We crawled the restaurant reviews from multiple websites.
3-class construction criteria for each source of data.
Criteria is decided by us(human) after examining the actual review data.
0 (Negative) |
1 (Positive) |
2 (Ambiguous) |
|
---|---|---|---|
diningcode | 0,1,2 | 4,5 | 3 |
kakaomap | 1,2 | 4,5 | 3 |
mangoplate | 별로 | 맛있다! | 괜찮다 |
poing | 0,1 | 4,5 | 2,3 |
siksin | 1.0,1.5,2.0 | 4.5,5.0 | 2.5,3.0,3.5,4.0 |
Number of samples for each source in kr3_raw
.
0 (Negative) |
1 (Positive) |
2 (Ambiguous) |
|
---|---|---|---|
diningcode | 6024 | 84328 | 16288 |
kakaomap | 44844 | 103471 | 19795 |
mangoplate | 18504 | 161424 | 48134 |
poing | 373 | 20479 | 3818 |
siksin | 2560 | 25041 | 100208 |
Total | 71066 | 388823 | 182957 |
- Eliminated emojis('😀'), escape sequences('\n', '\b'), speical characters('~','&'), 한글 자모('ㅋ','ㅠ')
- Used spell checker
- Limited length (
2 < len(review) < 4001
)
These preprocessing deicisons are based on the vocabulary of pre-trained model we used.
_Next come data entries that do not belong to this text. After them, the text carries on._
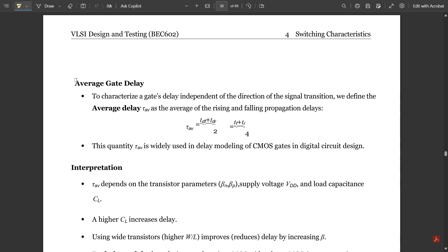To characterize gate delays independent of the direction of signal transition, we define the average gate delay. The average delay is t_av = (tdf + tdr) / 2, which simplifies to (tf + tr) / 4. This quantity is widely used in delay modeling of CMOS gates in digital circuit design.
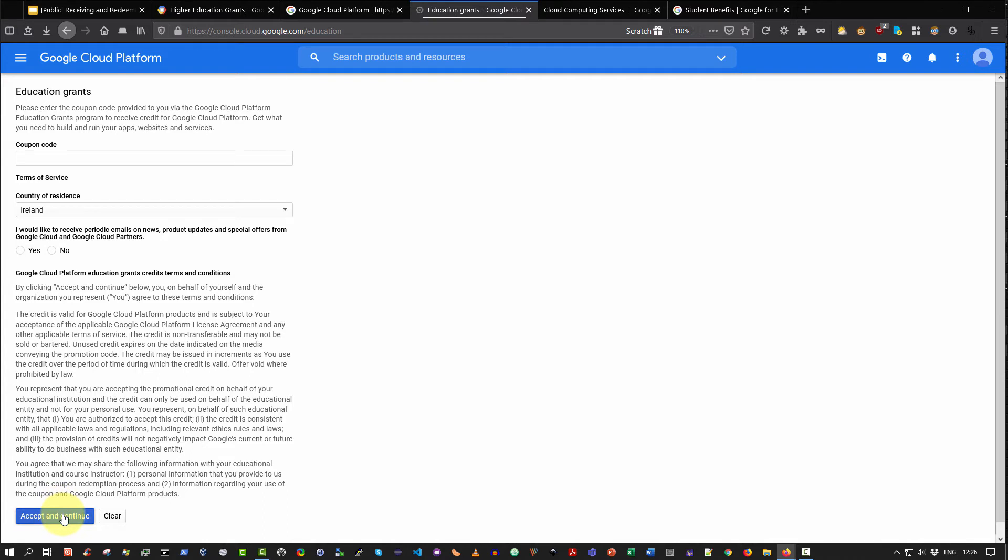The very next step is it will actually, I believe, prompt you to create a new project. So you would type in something like my first project, just create a name like that, and it can take anything from 30 seconds to two three minutes to spin up and create that project for you. And then once you have access to that, you will then be presented with the Google Cloud Platform Console.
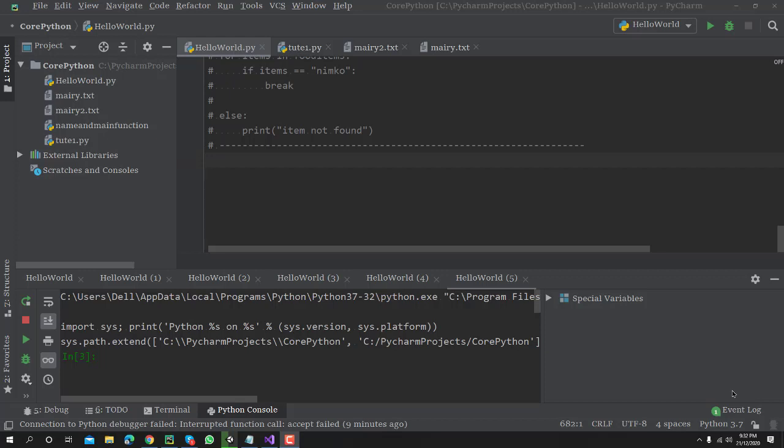Welcome guys. In this video tutorial I will show you how you can comment your code in PyCharm. Most people don't know how to comment code in PyCharm editor, so I will explain both inline comment and multi-line comment.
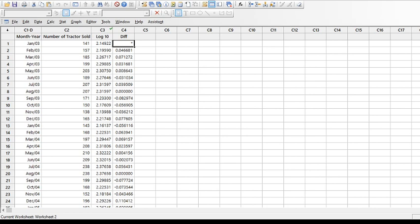To check if the data is now stationary, go back to Stat, Time Series, Time Series Plot, take the difference data, keep the same month-year timestamp, and click OK. Looking at the result, the previous data which was showing seasonality and trend is no more. The trend is killed and seasonality is mostly out of the window — I don't see a strong pattern whatsoever. I can call this data stationary.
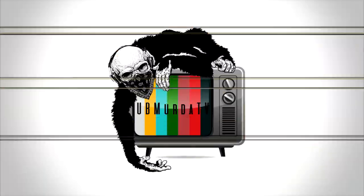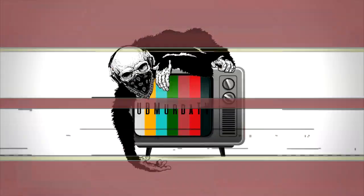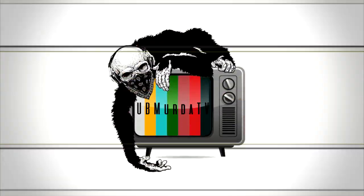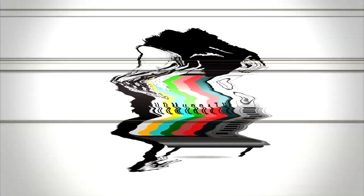The only place for the hottest mix is UB Murder TV. You get it here or you get it nowhere.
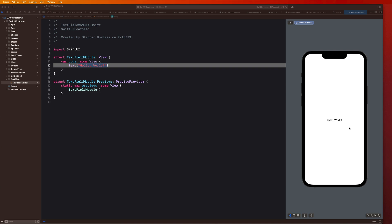What's going on guys? Welcome back. Hope you're doing well today. In this video, we're going to be covering text fields with SwiftUI.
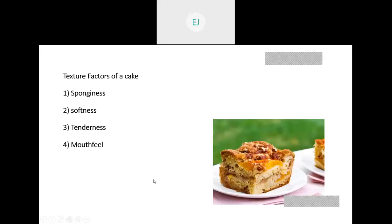So, if you want to measure the texture of a cake, you can measure whether the texture is spongy or not, soft like a cake or hard like a biscuit. If it's soft, that texture is good. You assess whether it is tender or not, and whether it has good mouthfeel. By understanding these four criteria, you can measure the texture of a cake and determine if the texture is good or not.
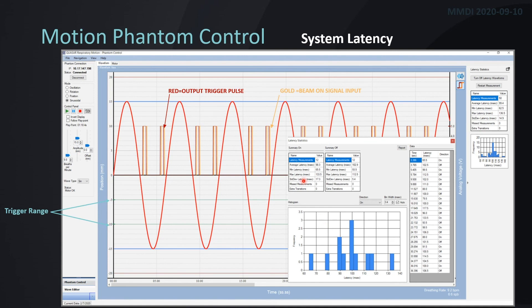All information gathered from the latency process can be exported, so if you're using another software application to dive deeper into the data, you definitely can. It is a very useful tool, and if you're interested in system latency, contact MODIS for a more detailed rundown of the process.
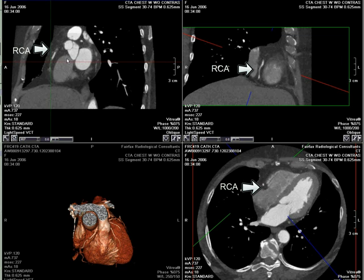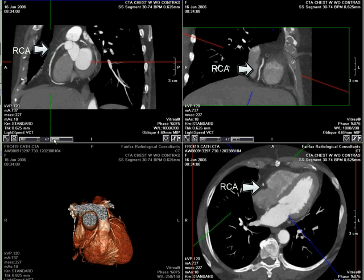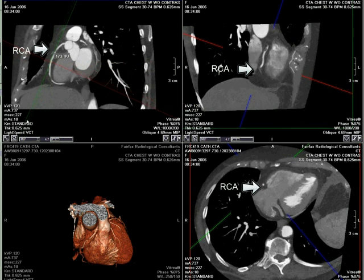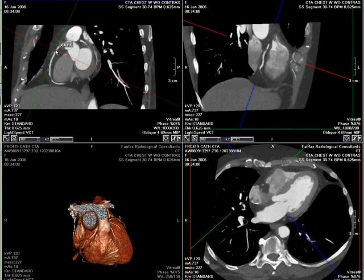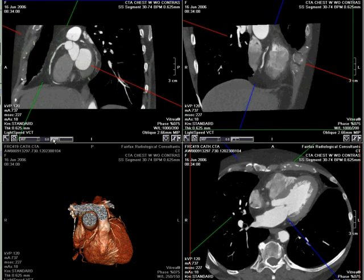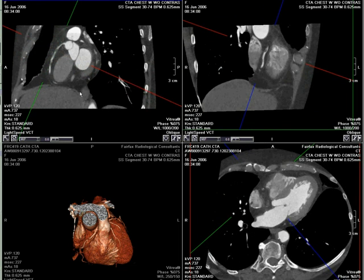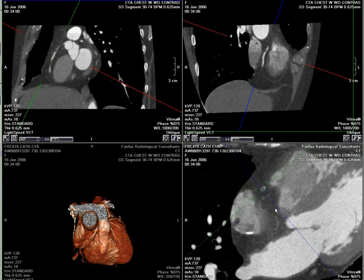With this, within the proximal right coronary artery, we find that area of non-calcified plaque. We need to evaluate how much, if any, narrowing this is causing in the vessel. Using a combination of our short axis and long axis views, we can tell that there is a significant area of narrowing.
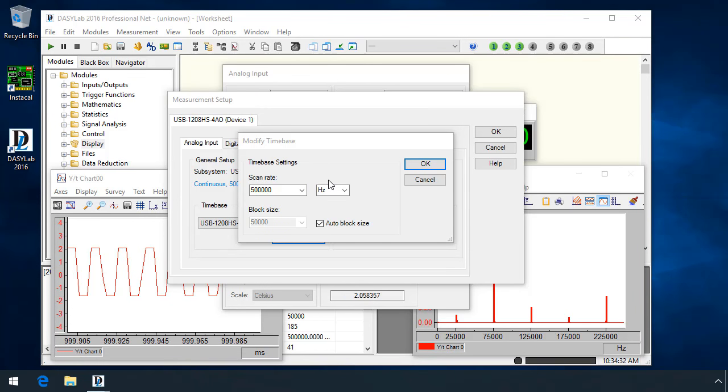DASYLab 2016 changed the maximum block size from 32,768 samples to 1,048,576 samples. Most drivers have been updated to support the larger block sizes, including the measurement computing and data translation drivers.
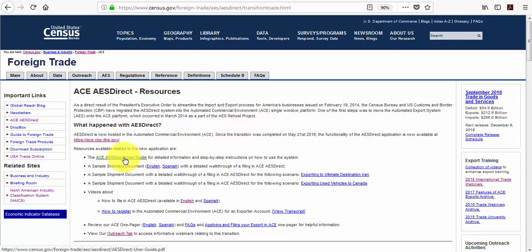The first being the AES Direct User Guide. This provides detailed information and step-by-step instructions on how to use the system. It can tell you how to create, edit, or delete a shipment. It also defines every data element in the AES Direct system.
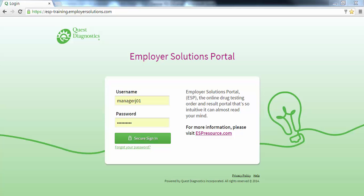Welcome to the Employer Solutions Portal online tutorial. In this tutorial we will be reviewing how to enter a breath alcohol result performed by you or someone in your organization. During the tutorial I will refer to the Employer Solutions Portal as ESP. We will begin by logging into ESP.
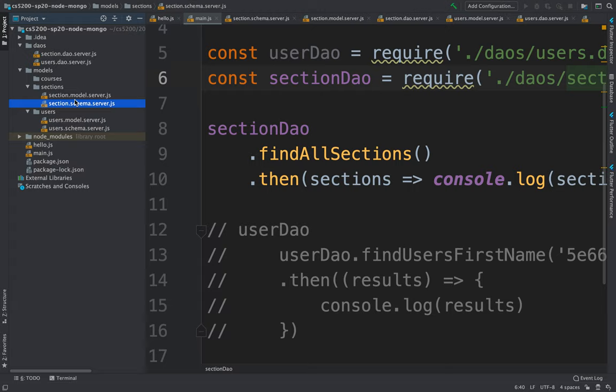We have a couple of models: users and sections. For instance, you might have users that are students who are going to enroll in different sections. There are several ways that can be modeled. One classical way is having an enrollment collection that points to the section and points to the users, saying which users are enrolled in what section.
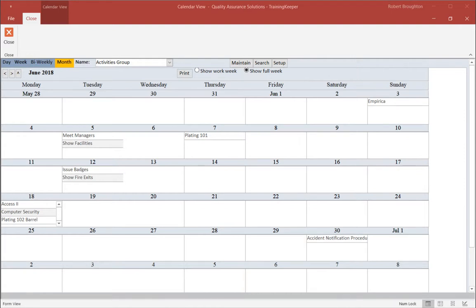For your history and your upcoming schedule, TrainingKeeper provides calendars that you can review and print. These calendars include daily, weekly, bi-weekly, and monthly views.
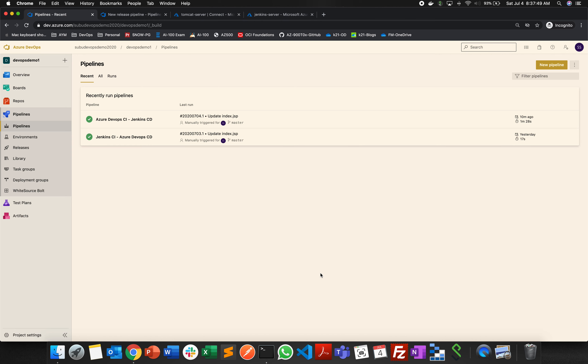In our previous lab we saw how to set up a Jenkins server, an Apache Tomcat server, and how to do a service connection between Azure DevOps and Jenkins — CI on Azure DevOps and CD on Jenkins. In this lab, everything remains the same but we are going to do CI on Jenkins and CD on Azure DevOps. It's going to be a reverse setup.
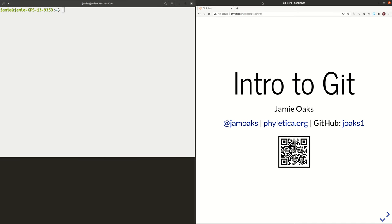Welcome. In this series of videos, it's my goal to teach you the basics of version control using the software Git. If you want to follow along with the slides that I'm using, I recommend that you do this because I have some helpful links in these slides. You can get to these slides by scanning the QR code, or the URL is phyletica.org/slides/git-intro.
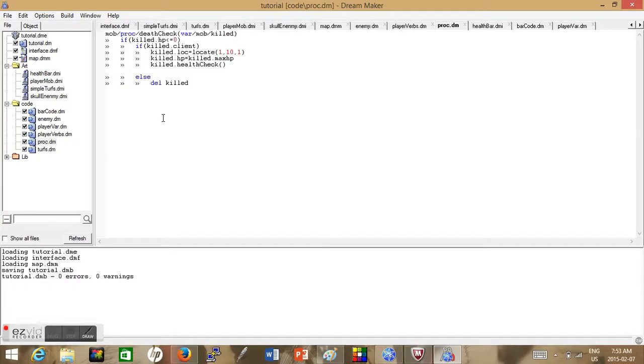Hello everyone and welcome to Beyond Tutorials part 7. Today we'll be showing you some more advanced AI components. First, we'll be starting with how to make our character respond.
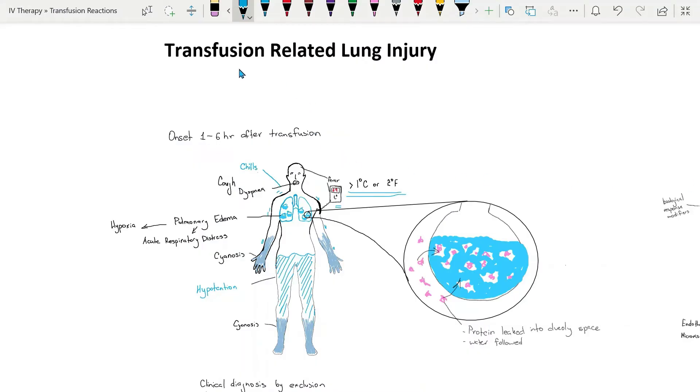Hello, in this video we're going to review transfusion related acute lung injury, also known as TRALI.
For exmaple, keeping 'ㅋ' might be a good strategy in other case where 'ㅋ' is included in the vocabulary.
kr3_raw
hadn't gone through any of the preprocessing mentioned above.
We crawled 'Region' as the region where the restaurant is located, and 'Category' as the category of food. We want to warn the usage of 'Region' because they are often the querys we used in the crawling process, instead of the real crawled information.